Search for multiple elements in an array

I want to retrieve inside an array all the elements who match multiple strings (all of them & not necessary words): like a search engine returning all results matching term_searched#1 && term_searched#2.

It's not a question about duplicates in the array (there's none), but about searching for a conjunction of elements: traditionally, the search is for one element, by himself or in disjunction with others (a|b|c).
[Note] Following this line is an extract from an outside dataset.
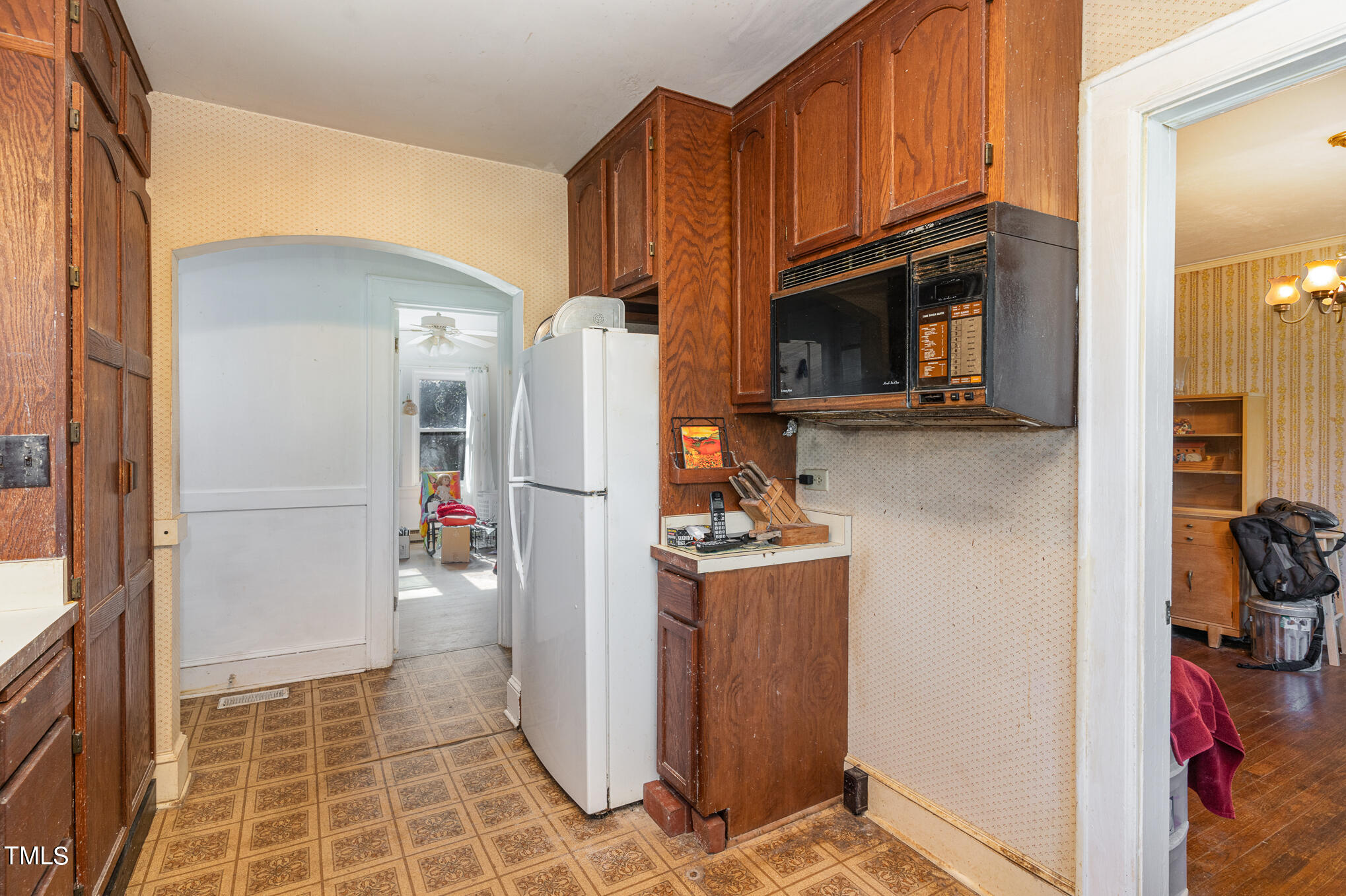 518 Dixie Trail Raleigh, NC 27607 - Photo 24 of 32 Kitchen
Just want to search (a && b && c).

I tried:

The first regex expression works, but not at every time: seems very fragile...
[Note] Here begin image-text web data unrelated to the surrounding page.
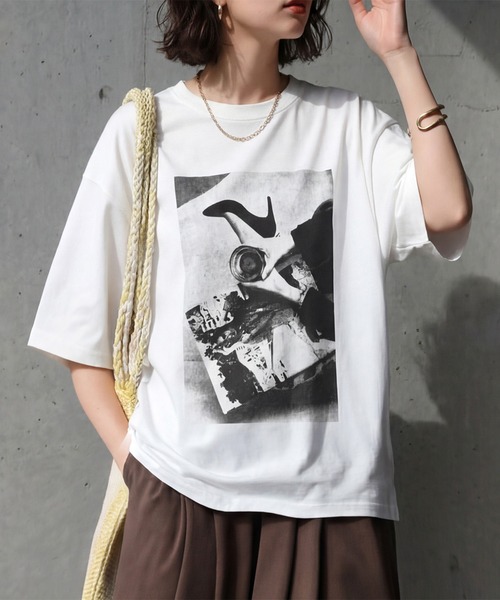 antiqua(アンティカ)の「綿100% クルーネック フォト Tシャツ(Tシャツ/カットソー・レディース・ブラック/ホワイト・ONESIZE)」の1枚目の写真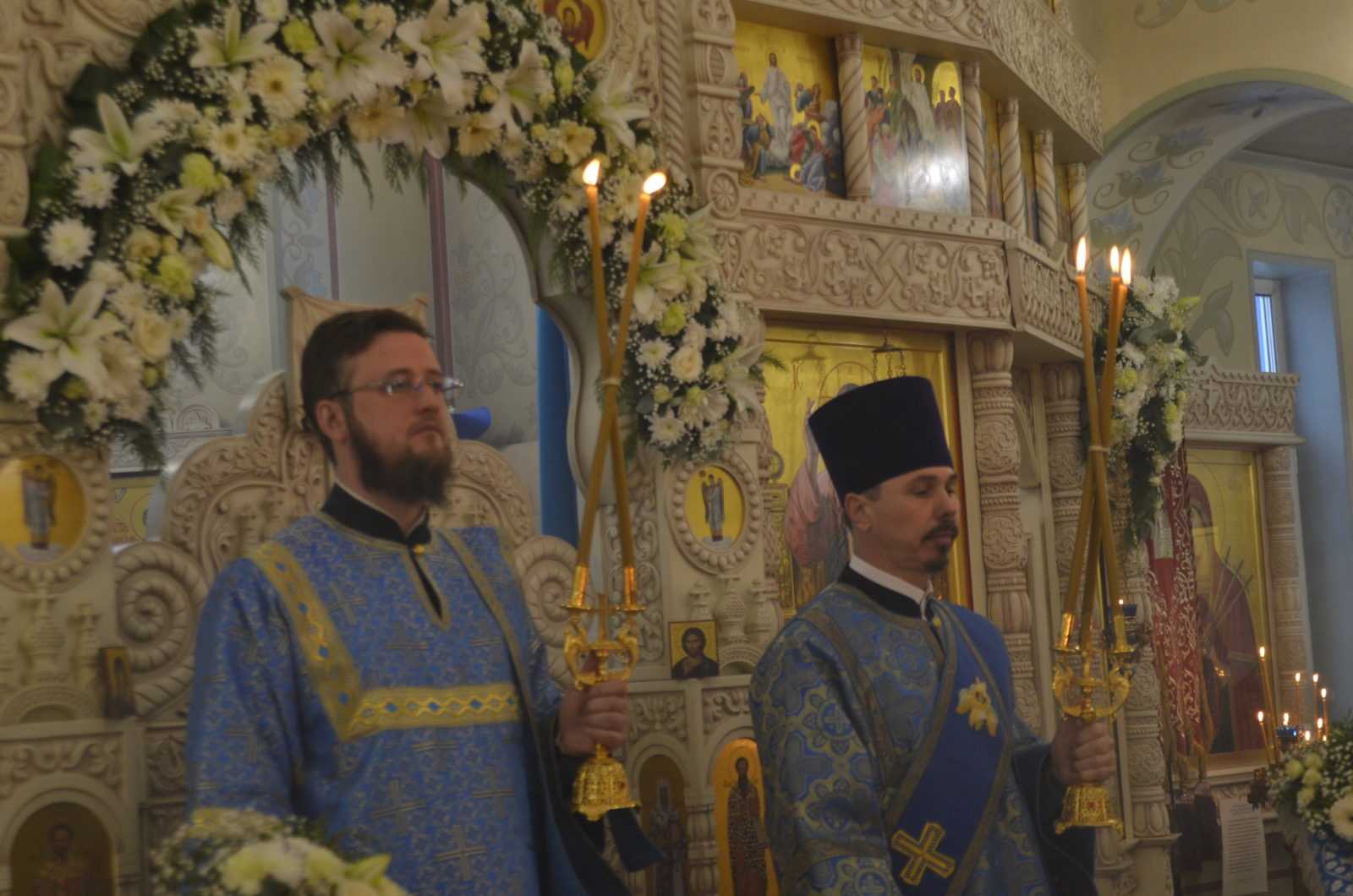 Архиерейское богослужение в храме иконы Божией Матери «Скоропослушница» в Марьино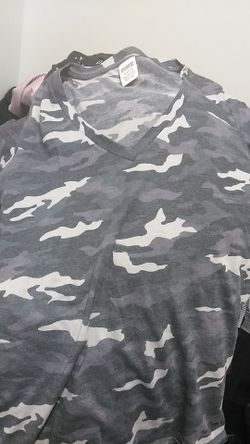 Camo t shirt (girls) v shape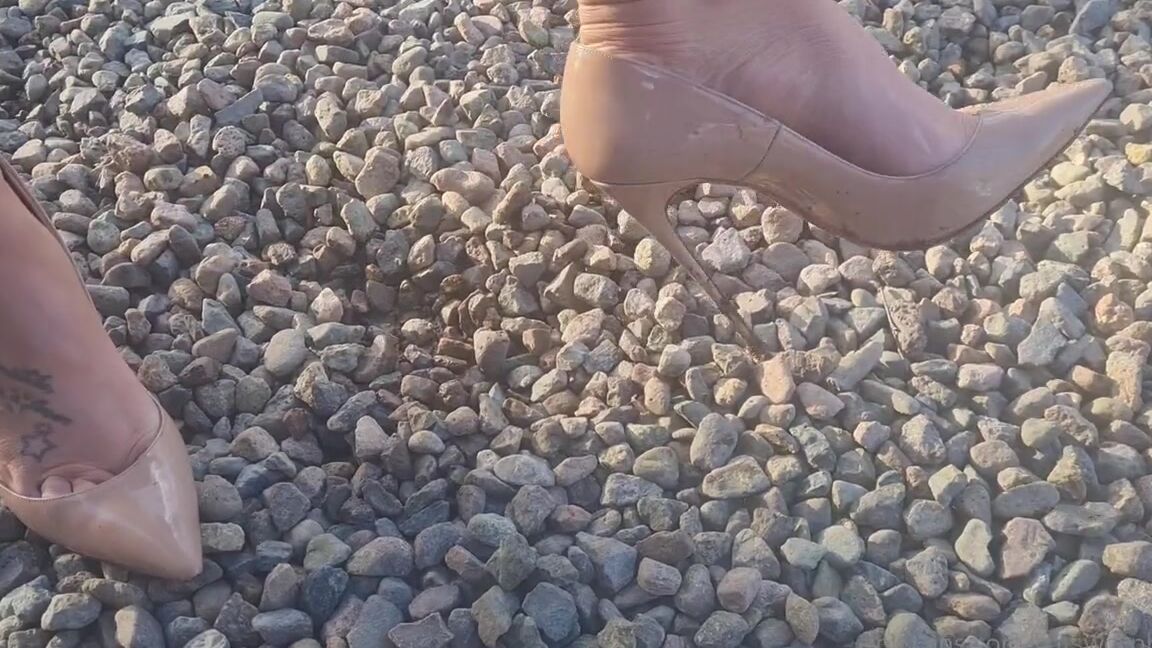 Kats Worn Heels Nicknamed Katswornheels Onlyfans So Theyve Already Been Through Puddles Now Its Time To Walk And Stomp My Patent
So I don't know if I'm in the good direction (match) or if I can't figure what is the right regex expression... Need your advices.
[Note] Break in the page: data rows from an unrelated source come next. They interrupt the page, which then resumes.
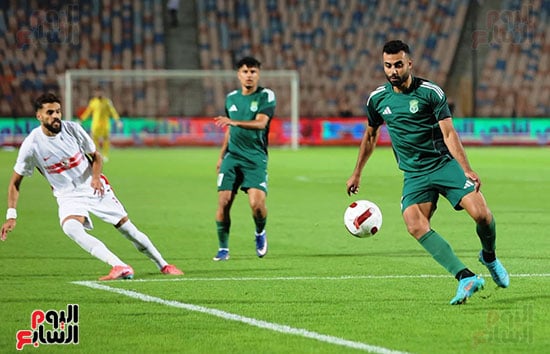 حسام حسن لاعب الاتحاد وبنتايج لاعب الزمالك حسام حسن لاعب الاتحاد وبنتايج لاعب الزمالك
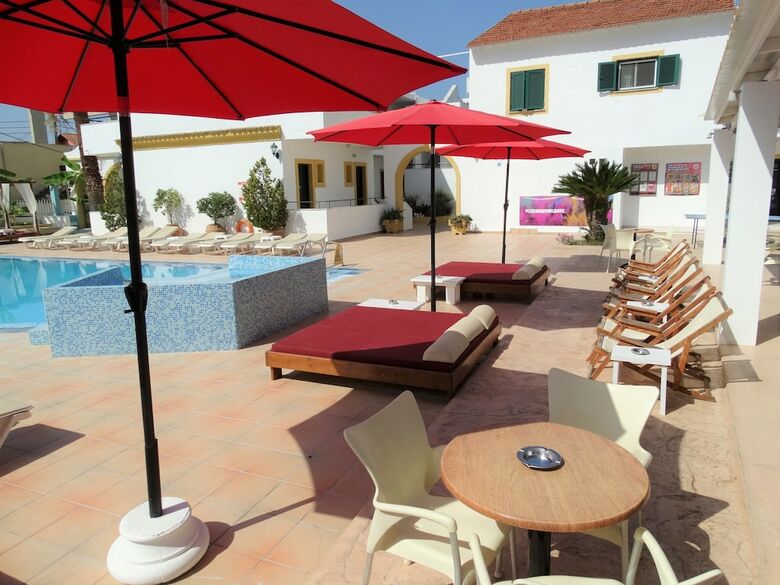 Aparthotel Oasis Beach Club
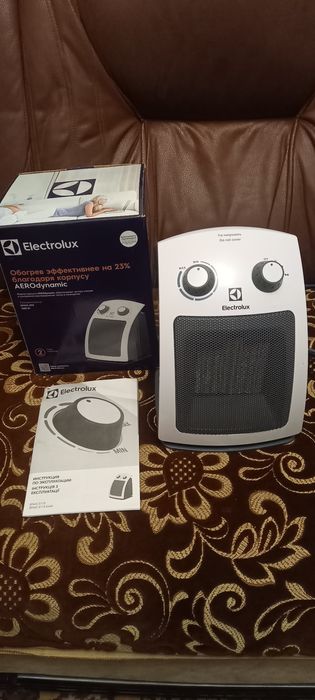 Тепловентилятор ELECTROLUX EFH/C-5115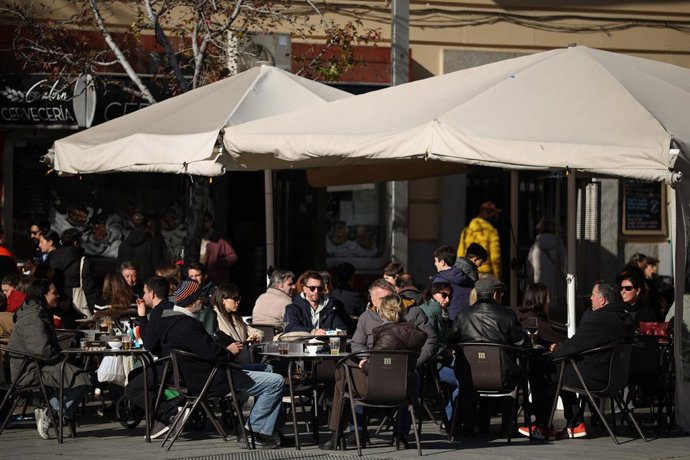 Archivo - Varias personas en unas terrazas en Madrid 
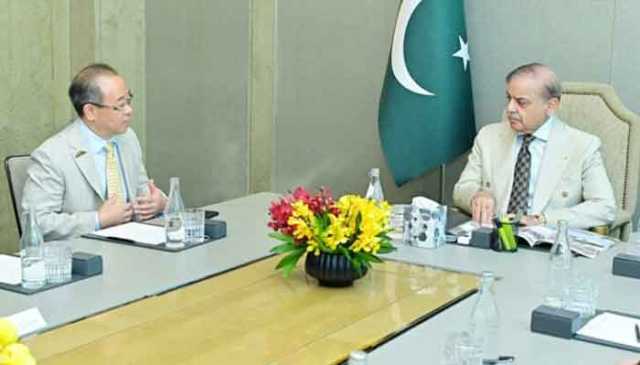 وزیراعظم سے ملائیشین بزنس گروپ کے وفد کی ملاقات، اقتصادی تعاون کے فروغ پر اتفاق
// filter grid by searching on 'input' event
'input #search': (e)=> {
    var keypressed = e.currentTarget.value;

    // create array on 'space' input
    var keyarr = keypressed.toLowerCase().split(" ");

    // format each array's element into regex expression
    var keyarrReg = [];
    for(i = 0; i < keyarr.length; i++) {
        var reg = '(?=' + keyarr[i] + ')';
        keyarrReg.push(reg);
    }

    // array to regex string into '/(?=element1).*(?=element2)/gim' format
    var searching = new RegExp(keyarrReg.join(".*"), 'mgi');

    // set grid
    var grid = new Muuri('#gridre', {
        layout: {
            fillGaps: true,
        }
    });

    if (keypressed) {
        // filter all grid's items (grid of items is an array)
        grid.filter(function (item) {
            var searchoperator = item.getElement().textContent.toLowerCase().match(searching);
            // get items + only their text + lower case their text + return true (not false) in the value ('keypressed') is found in them
            //var searchoperator = item.getElement().textContent.toLowerCase().indexOf(keypressed.toLowerCase()) != -1;
            return searchoperator;
        }
        [....]

    }
}

Edit with Gawil's answer adapted to my initial code (to help if needed)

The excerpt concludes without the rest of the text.